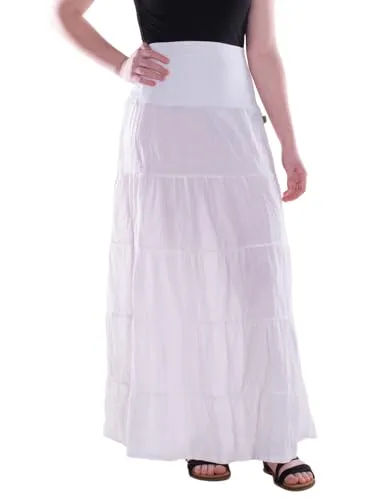 Vishes Damen Maxi-Rock Baumwolle Vintage Retro mit elastischem Bund Weiss 42-48 - Langer, leichter Rock im Folklore-Stil aus handgewebter Baumwolle für hohen Tragekomfort. Ideal für Freizeit und besondere Anlässe. Verfügbar in klassischen Farben und vielseitig kombinierbar.
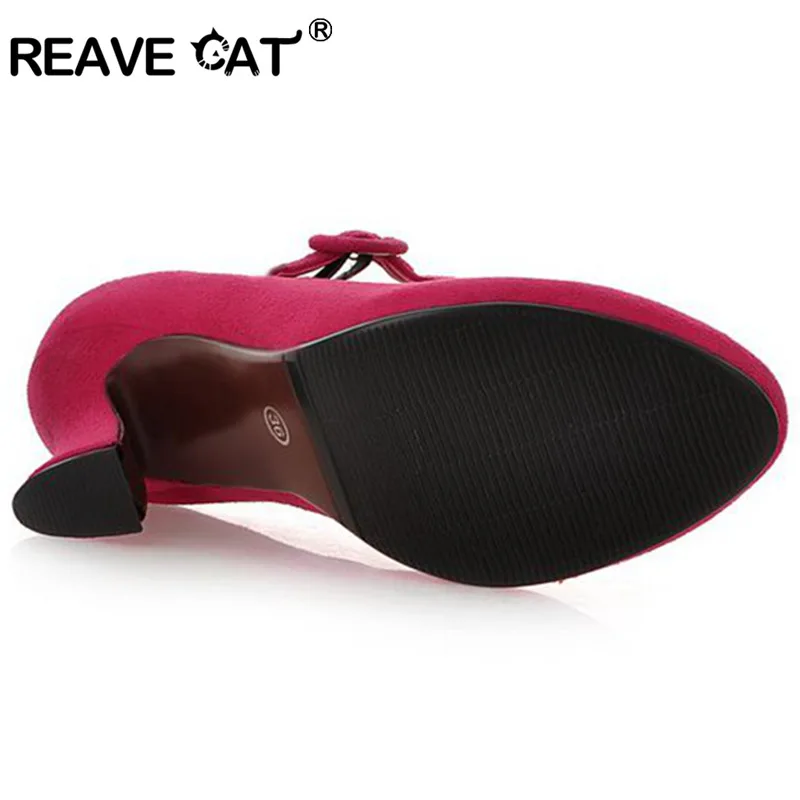 REAVE CAT Big size 34-43 Women high heels Pumps Flock Pointed toe Hoof heels Buckle Fashion Black Red Blue QL4622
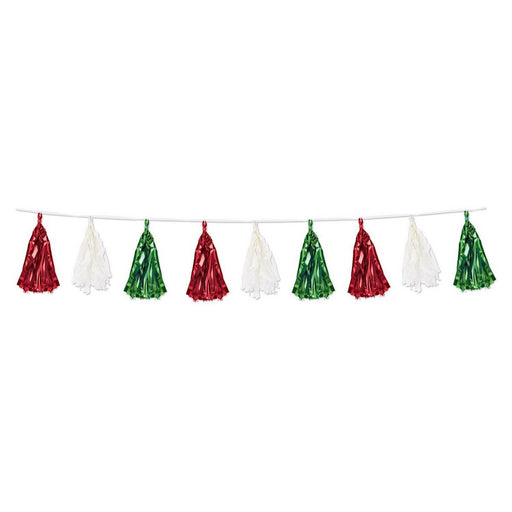 Metallic & Tissue Tassel Garland – 9¾" x 8' – (1/Pkg) by Beistle for Fiesta and Cinco de Mayo Tassel Garlands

:: Task requirements ::
Return the opening line of the data above and every line after it up to and including the line that holds "REAVE CAT Big"; pictures stay out.

:: Finished task ::
 Vishes Damen Maxi-Rock Baumwolle Vintage Retro mit elastischem Bund Weiss 42-48 - Langer, leichter Rock im Folklore-Stil aus handgewebter Baumwolle für hohen Tragekomfort. Ideal für Freizeit und besondere Anlässe. Verfügbar in klassischen Farben und vielseitig kombinierbar.
 REAVE CAT Big size 34-43 Women high heels Pumps Flock Pointed toe Hoof heels Buckle Fashion Black Red Blue QL4622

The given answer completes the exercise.